I'm wondering if the following 'additive' Peetre's inequality has its own name?
for $x,y\in\mathbb R^d$, $p\ge 0$, and $c=\max(2^p,2^{2p-1})$, $$|1+|x|^2|^p \leq c \big((1+|x-y|^2)^p + (1+|y|^2)^p\big)$$
If not a name, then a reference where someone uses it will do...
I just recently found out that Peetre's inequality is instead usually the following 'multiplicative' inequality, valid for all $s\in\mathbb R$ and $x,y\in\mathbb R^d$:
\begin{equation} (1 + |x + y|^2)^s \leq 2^{|s|}(1 + |x|^2)^s(1 + |y|^2)^{|s|} \end{equation} There's also this related inequality Showing the inequality $|\alpha + \beta|^p \leq 2^{p-1}(|\alpha|^p + |\beta|^p)$ .
I'll end the question with a proof of the boxed inequality just in case someone is worried.

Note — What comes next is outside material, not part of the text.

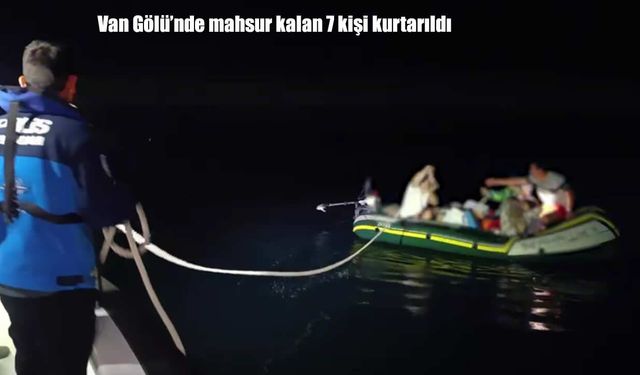 Van Gölü'nde mahsur kalan 7 kişi kurtarıldı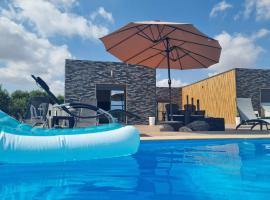 Foto do Hotel: Villa Berkania piscine privée - 8 pers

For $p>1/2$, the function $\phi(x)=|1+|x|^2|^p$ is convex. Thus $\phi(x/2) \le \frac{\phi(y)}2 + \frac{\phi(x-y)}2$, i.e. $$ |1+|x/2|^2|^p \leq \frac12 \big((1+|x-y|^2)^p + (1+|y|^2)^p\big)$$ Multiplying by $2^{2p}$ we obtain $$ |4+|x|^2|^p \leq 2^{2p-1} \big((1+|x-y|^2)^p + (1+|y|^2)^p\big),$$ which is clearly enough. For $p<1$, instead use the convexity of $1+|x|^2$, getting $$4 +|x|^2 \le 2 (1+|y|^2) + 2(1+|x-y|^2),$$ and then the subadditivity of $|\cdot|^p$ for $p<1$ finishes the proof.